Middle-School Dude, I didn’t get your full name or contact information, and I probably should have. I’m often disconcerted when I meet some wildly interesting stranger and talk for a few minutes, knowing I’ll never see the person again. Our paths crossed only for that brief moment. What a moment it was, though. I’m still cracking up.
Your mother is probably still mortified, and I get that, but you were just being you. In the end, I think that was your message: that you want to be you and not hide anything, but you don’t want to suffer for it. Your mother made some great points. To be honest, I follow her advice sometimes, because she’s so right it’s chilling: outcomes often are greatly influenced by factors that wouldn’t matter in a truly fair world, and, for better or worse, we can do things — or refrain from doing things — in order to boost our odds of success.
But if you were following her advice at this point in your life, you wouldn’t be nearly as entertaining… and you probably wouldn’t be as wise.

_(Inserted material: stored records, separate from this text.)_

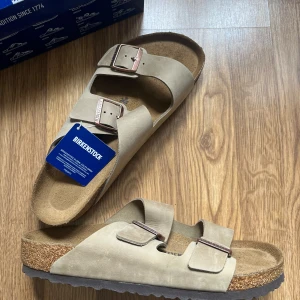 Birkenstock Arizona Habana st 43 - Helt nya Birkenstock som är för stora därav försäljning . Storlek 43 men jag rekommenderar att gå ned en storlek . Superfina sandfärgade i skinn . Nypris ca 1300sek. 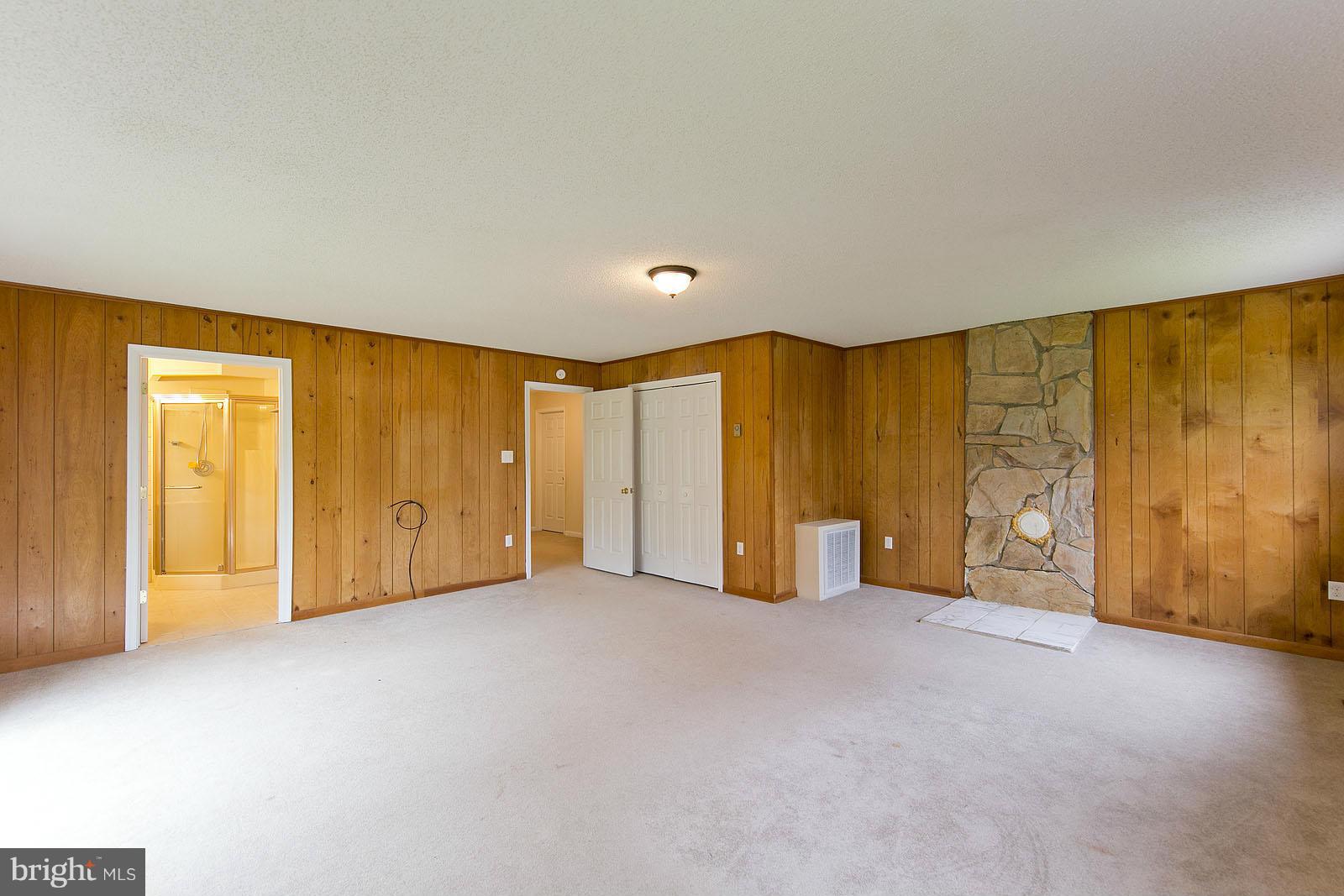 BLUE RIDGE MOUNTAIN ESTATES - Residential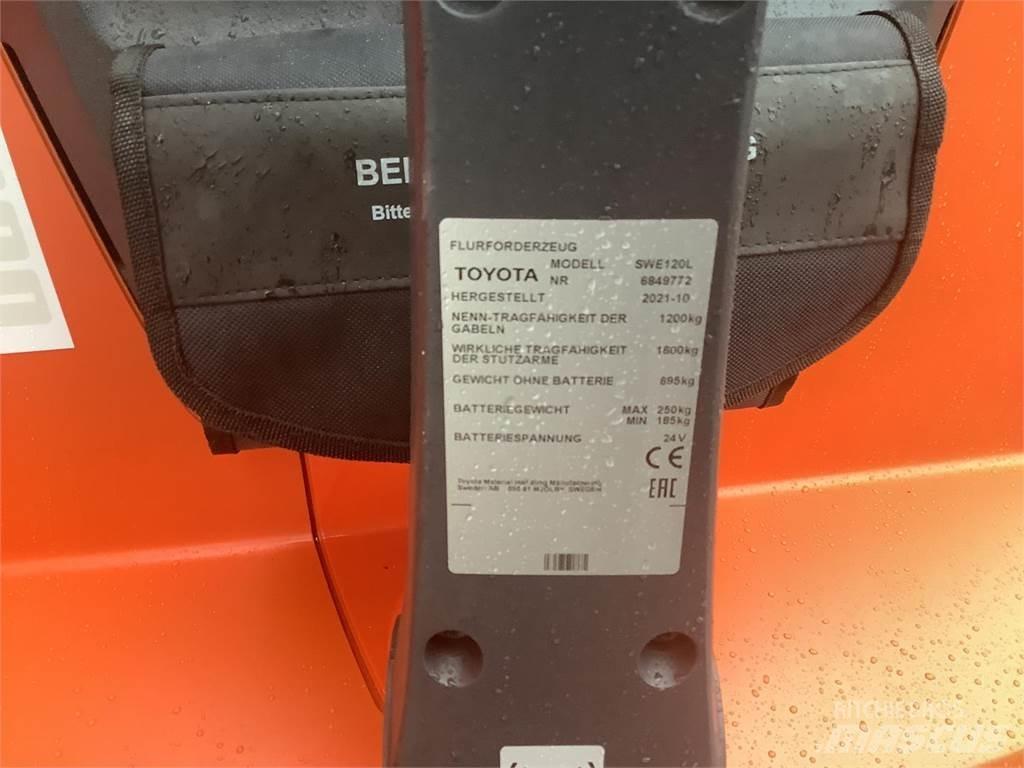 Toyota SWE120L Stapelaar meeloop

You would have lost something huge. One day, you’ll probably do things differently, but for now, you are hilariously awesome. I hope your word choice doesn’t offend anyone. I, for one, still laugh when I think about it.
Me: No problem. What is a penis-head? If I know, I can try to avoid being one.
Boy’s mother: [Gives me a look that I can’t discern: somewhere between appreciation and horror]
Boy: A penis-head teacher is, like, really unfair. Like, she’d judge me just because I said “penis-head.” I could do this really great presentation or something, and I wouldn’t get an “A” just because I had said “penis-head” a few hours before.
Me: Oh, I would totally give you an “A” if you deserved it, even if you had said “penis-head.”
Boy’s mother: [Looks like she wants to disappear into the table]
Boy: OK, so what if you had to give a prize to only one kid, and there were two excellent presentations? One kid had said “penis-head” and the other one hadn’t, but the one who had said “penis-head” did a little better job on the presentation. What would you do?
Me: I would give it to the kid who had said “penis-head” because that kid’s presentation was actually better. This prize is about the presentation, not about not saying “penis-head,” right?
Boy’s mother: [Looks like she’s turning greenish]
Boy: Well, that’s the right answer! That’s how it should be, anyhow. But a lot of times, that’s not how it is at all.
Me: Did you say “penis-head” in school and then not get an “A” or a prize that you should have gotten?
Boy: Yes! I didn’t get an “A” or a prize! One time, it was because I said “penis-head.” Another time, it was for another reason. But both times, I didn’t get what I deserved.
Boy’s mother: Maybe there’s a lesson here. [Looks at me with disgust but, at the same time, a tiny glimmer of hope that maybe I will come through]
Me: It’s very true that life is not fair. The person who should get the prize often isn’t the one who actually gets it. When you’re an adult, the problem is almost never that someone said “penis-head,” but it’s kind of a similar situation very often. Maybe the person who should have gotten the prize is kind of awkward, or not as good-looking as the person who won, or just doesn’t know how to say the right thing, even if the problem isn’t exactly saying “penis-head.”
Boy’s mother: And that’s why we should do the most for ourselves, to make ourselves come across well. Dress well, say the right thing, all that stuff we’re always talking about, Daniel. Life is very complicated.
Boy: Well, it shouldn’t be complicated. Everything should just be what it’s supposed to be. Like you said [looks at me], the presentations weren’t about not saying “penis-head,” so why should that have any effect at all?
Me: It shouldn’t have any effect, but life often sucks, so if we want to squeeze the most out of it, sometimes we have to go along with that suckiness and try to work it to our benefit. Like by not saying “penis-head” if we think that will stop us from getting something we want.
Boy: [Sits in silence, thinking and nibbling at his turkey sandwich, for at least 3 minutes, and then he speaks]: I don’t know what to say. I don’t know what to say at all. This is a flying nightmare.
[I laugh. The boy’s mother laughs. The boy says “What?” and then laughs too. And I guess that’s all I can really hope for out of an afternoon in Harvard Square.]